The ITAT upheld the Ld. CIT(A)'s decision, confirming the addition under Section 40A(3) for cash expenditure and denial of carry forward of the loss due to late filing. The appeal was dismissed, and the order was pronounced on 10/01/2022.
Issues: 1. Appeal against the order passed by the Ld. Commissioner of Income Tax (Appeals), Gandhinagar, Ahmedabad, relating to Assessment Year 2013-14. 2. Disallowance of expenditure made in cash exceeding the limit specified in Section 40A(3) of the Income Tax Act. 3. Addition made on account of preliminary expenses and denial of carry forward of the loss.
Issue 1: Appeal against CIT(A) Order The appeal was filed by the assessee against the order passed by the Ld. Commissioner of Income Tax (Appeals), Gandhinagar, Ahmedabad, for Assessment Year 2013-14. The assessee did not appear during the hearings, leading to the appeal being heard ex-parte. The grounds raised by the assessee included issues related to the order being passed against the principles of natural justice, addition under Section 40A(3) of the Act, and addition on account of preliminary expenses.
Issue 2: Disallowance under Section 40A(3) The Ld.

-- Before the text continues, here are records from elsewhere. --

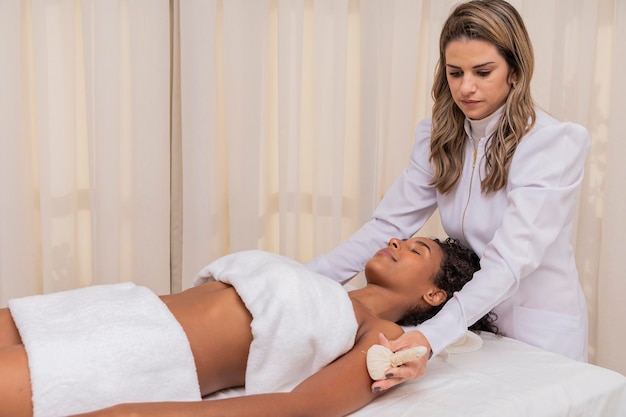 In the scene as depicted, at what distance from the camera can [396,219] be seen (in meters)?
2.30

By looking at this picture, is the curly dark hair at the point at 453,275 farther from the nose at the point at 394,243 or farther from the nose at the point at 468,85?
the nose at the point at 468,85

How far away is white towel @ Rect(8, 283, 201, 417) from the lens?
1.47m

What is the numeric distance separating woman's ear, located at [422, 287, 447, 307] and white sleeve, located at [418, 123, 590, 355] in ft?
0.75

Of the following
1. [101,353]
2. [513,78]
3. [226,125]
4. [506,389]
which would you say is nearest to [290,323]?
[101,353]

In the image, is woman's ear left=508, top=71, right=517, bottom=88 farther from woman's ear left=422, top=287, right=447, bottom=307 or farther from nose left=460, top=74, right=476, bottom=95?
woman's ear left=422, top=287, right=447, bottom=307

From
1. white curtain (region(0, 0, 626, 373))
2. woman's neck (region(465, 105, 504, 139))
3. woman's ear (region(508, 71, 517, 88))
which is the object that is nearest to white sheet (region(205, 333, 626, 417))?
woman's neck (region(465, 105, 504, 139))

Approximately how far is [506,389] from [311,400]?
484 millimetres

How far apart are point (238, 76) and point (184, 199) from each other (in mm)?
545

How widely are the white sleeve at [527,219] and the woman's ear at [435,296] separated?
23 centimetres

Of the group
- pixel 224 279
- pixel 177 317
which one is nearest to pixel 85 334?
pixel 177 317

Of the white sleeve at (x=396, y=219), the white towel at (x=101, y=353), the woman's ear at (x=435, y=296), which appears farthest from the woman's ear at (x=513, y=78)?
the white towel at (x=101, y=353)

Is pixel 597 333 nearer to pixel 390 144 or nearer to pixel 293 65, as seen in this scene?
pixel 390 144

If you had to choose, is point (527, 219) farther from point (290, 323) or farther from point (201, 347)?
point (201, 347)

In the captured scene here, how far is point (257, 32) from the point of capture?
2.96 meters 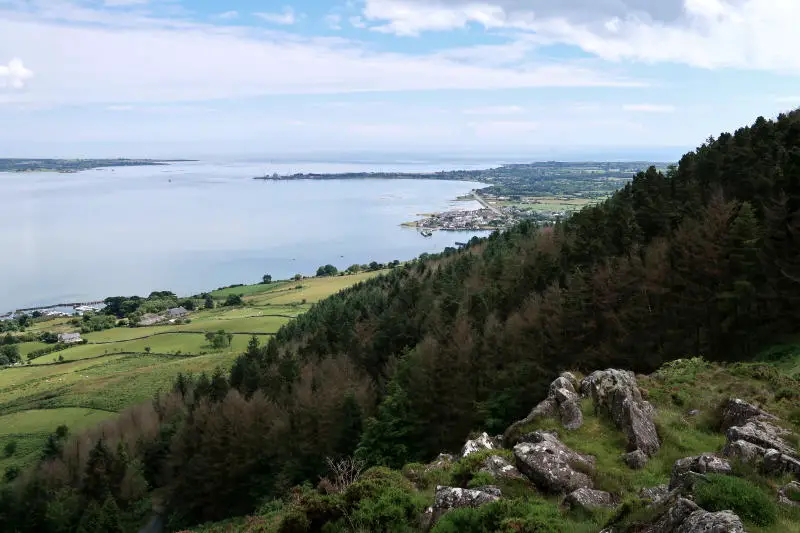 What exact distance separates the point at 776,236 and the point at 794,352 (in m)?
6.04

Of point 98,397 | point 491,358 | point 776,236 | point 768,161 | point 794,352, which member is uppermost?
point 768,161

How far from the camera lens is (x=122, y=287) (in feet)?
362

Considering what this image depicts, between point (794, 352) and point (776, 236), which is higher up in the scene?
point (776, 236)

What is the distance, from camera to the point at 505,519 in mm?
8477

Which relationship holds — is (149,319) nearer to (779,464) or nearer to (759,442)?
(759,442)

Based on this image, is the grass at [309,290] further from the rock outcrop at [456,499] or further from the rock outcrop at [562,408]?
the rock outcrop at [456,499]

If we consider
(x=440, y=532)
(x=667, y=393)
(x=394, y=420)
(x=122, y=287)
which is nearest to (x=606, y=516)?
(x=440, y=532)

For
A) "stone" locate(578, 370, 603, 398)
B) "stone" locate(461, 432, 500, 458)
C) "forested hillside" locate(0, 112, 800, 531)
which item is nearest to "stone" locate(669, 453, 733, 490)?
"stone" locate(461, 432, 500, 458)

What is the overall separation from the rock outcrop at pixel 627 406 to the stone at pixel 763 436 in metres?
2.09

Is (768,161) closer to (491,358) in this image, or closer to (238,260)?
(491,358)

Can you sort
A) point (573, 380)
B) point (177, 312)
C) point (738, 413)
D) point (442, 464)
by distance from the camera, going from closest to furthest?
point (738, 413), point (442, 464), point (573, 380), point (177, 312)

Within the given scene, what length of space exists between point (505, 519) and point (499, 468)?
305cm

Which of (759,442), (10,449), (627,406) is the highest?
(759,442)

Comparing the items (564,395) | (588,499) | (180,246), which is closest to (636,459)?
(588,499) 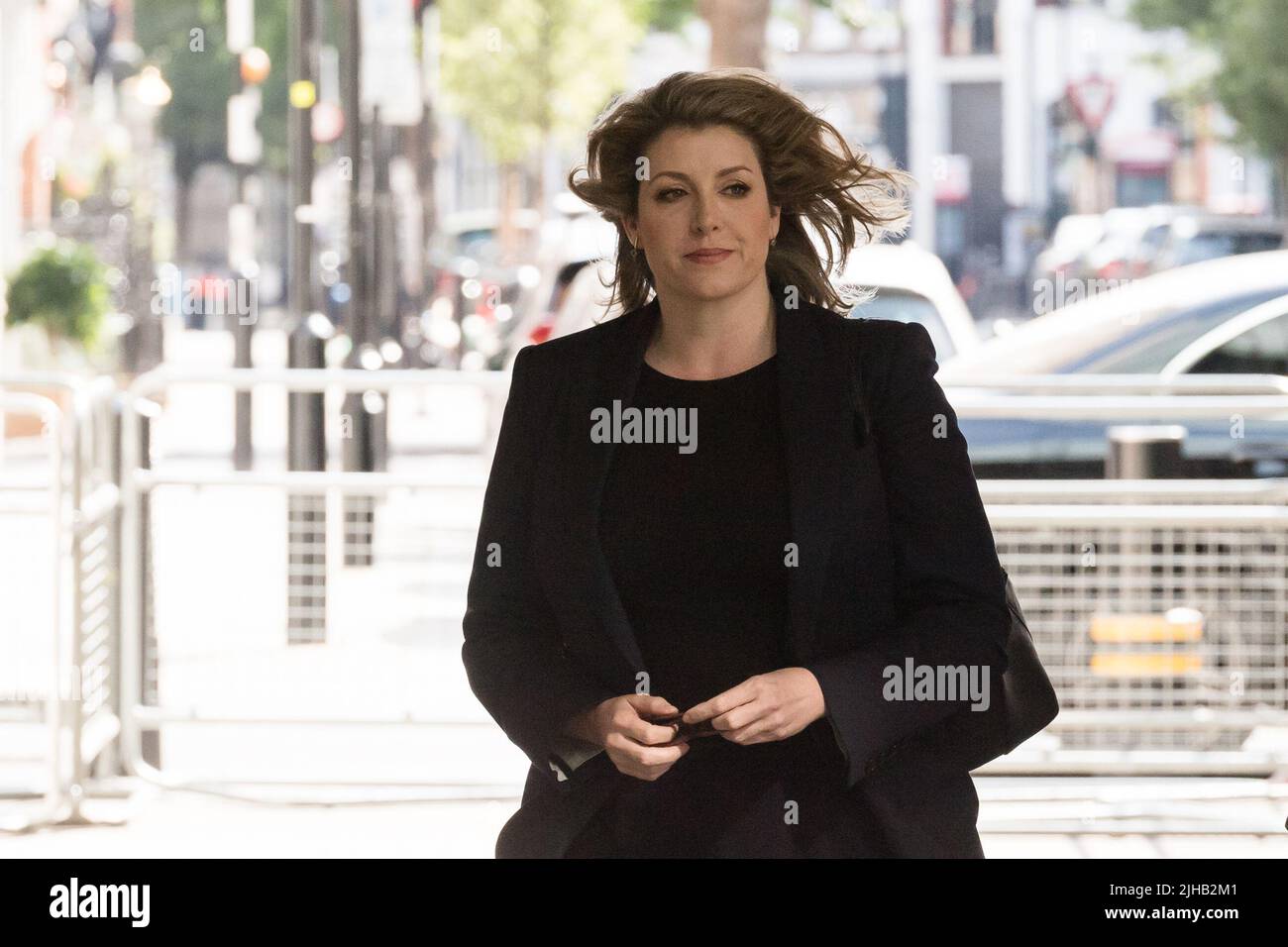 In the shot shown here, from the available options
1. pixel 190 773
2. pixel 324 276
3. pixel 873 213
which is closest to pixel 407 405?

CIT(A) confirmed the addition of Rs. 4,66,000 made under Section 40A(3) of the Act. The assessee had purchased land in cash, justifying it by stating that the sellers insisted on cash payments due to lack of banking facilities. However, the assessee failed to provide documentary evidence or details of the sellers' names and addresses. The Ld. CIT(A) upheld the disallowance, citing the lack of substantiation and reliance on a previous ITAT decision. The ITAT upheld the Ld. CIT(A)'s decision, stating that the assessee did not qualify for exemption from Section 40A(3) requirements.
Issue 3: Addition of Preliminary Expenses The Ld. CIT(A) disallowed a claim of Rs. 6,44,785 as preliminary expenses, not due to being preliminary expenses, but because it resulted in a loss that the assessee was not entitled to carry forward. The return of income was filed beyond the due date, leading to the denial of carrying forward the loss. The ITAT upheld the Ld. CIT(A)'s decision, emphasizing the statutory provisions of law and the consequences of filing returns after the prescribed time. The denial of carry forward of the loss was upheld, and the appeal by the assessee was dismissed.
In conclusion, the ITAT upheld the Ld. CIT(A)'s decision on both issues, confirming the addition under Section 40A(3) and the denial of carry forward of the loss due to filing the return beyond the due date. The appeal by the assessee was dismissed, and the order was pronounced on 10/01/2022.